Since you are allowed input into the choice of investments I suspect that it is a “defined contribution” plan. This plan will accumulate your pension assets tax free until you are 65 when you will have several choices, annuities, transfer to RRSP/LRSP or RIF/LIF or some combination thereof. You should contact Sun Life as I’m sure they’ll have documentation regarding these choices. Regarding your asset mix remember that the lowest risk produces the lowest return.
You might wish to look at one of the many retirement planners/calculators to get some idea of where you stand e.g.
The second question is regarding our daughters RESP. It can also make gains depending on the investment mix which is determined by the government.
While the investment mix is determined by the government it is only very indirectly since the plan can include any “qualified” investments which are the same as those for RRSPs. The RESP is one of the better plans the government has introduced that allows tax savings. Although the contributions are after tax the RESP accumulates tax free, will attract little or no tax when your daughter makes withdrawals and includes a government contribution.
Also don’t forget to use the TFSA for family members over 18.

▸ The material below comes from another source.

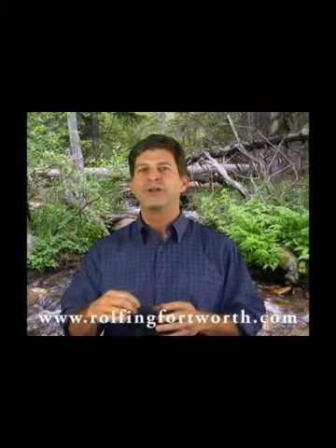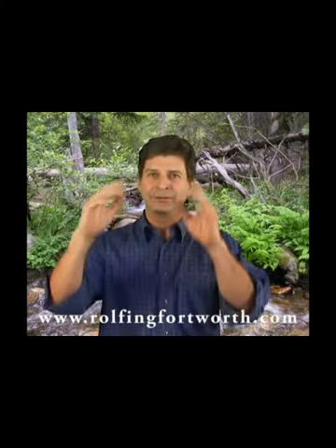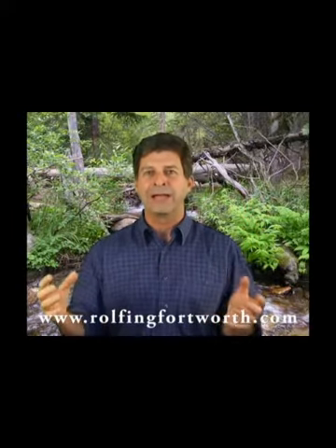Layer by layer, we begin to work through the structure to try to free things up, to try to keep a sense of balance from head to toe, left to right, front to back, inside to outside.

Finally if you put TFSA funds in a bank account at 1% you are losing due to inflation. You have to be prepared to accept more risk in order to stay ahead. The banks generally won’t give good advice and will push their own products, mutual funds and ETFs if they have them. The Globe and Mail online has a good investing section and some good educational articles. Often the best education comes from the comments section to those articles. An alternative to self education is to pay a financial planner to develop a plan for you. Since you pay for the advice the planner should work for you rather than pushing their own agenda.